Biopics, like anything else, can be hit or miss. Having an interesting subject is no guarantee either. Interesting people can be victimized by bad direction, hack writing, and poor editing just like anything else. When it comes to The Times of Bill Cunningham it’s all hit and no miss. The documentary about the late, institutional, New York-based fashion historian and photographer is not only fascinating but a joy to behold, much like its subject.
The Times of Bill Cunningham
Director: Mark Bozek
Rated: NR
Release Date: February 14, 2020
Director Mark Bozek accomplished much of his legwork over two decades ago. While the film is technically narrated by Sarah Jessica Parker, the backbone of the narration is Cunningham from an interview that Bozek filmed in 1994. Apparently, Cunningham, having agreed to a ten-minute interview, got chatty, and result is that the interview continued until they rant out of tape and the topics covered spanned the gamut of much of Cunningham’s life.

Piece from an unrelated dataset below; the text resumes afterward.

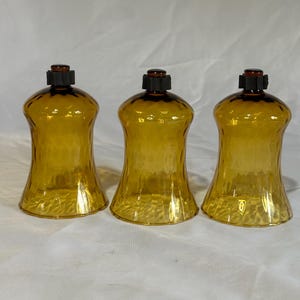 May include: Three amber-colored glass candle holders with a textured, dimpled surface. Each holder features a flared base, a curved body, and a small black plastic attachment at the top center, designed to hold a candle securely in place.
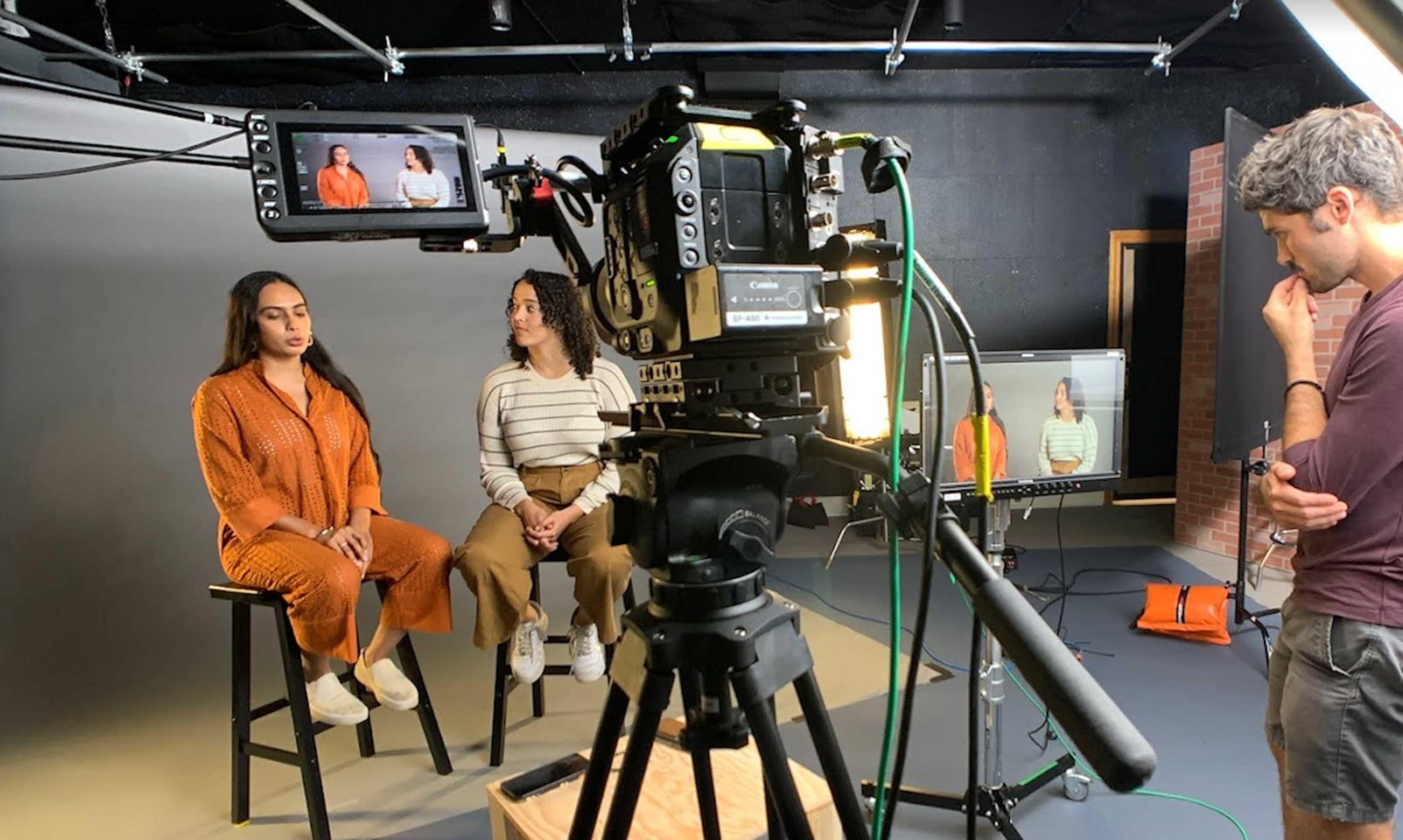 Two women are seated on stools in a studio setting while a man operates a camera on a tripod.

If only all of life’s influential figures were to conduct expansive, on camera interviews to leave as the narrative framework for films to document their lives after their passing (or before even). Cunningham, already 65 at the time of the recording, is as vibrant a person as you can imagine. His zeal not only for his work, for which he was known, but for life, is self-evident and ensnares the viewer from the first frames. Nothing’s held back, nothing is duplicitous or filtered through a PR mouthpiece, you get real, honest responses from a genuine human being. It just so happens that this human being carved out a simple, yet engaging world for himself, one which intertwined with the worlds of the rich and the famous, but never felt the corrosive kiss that world delivers to so many.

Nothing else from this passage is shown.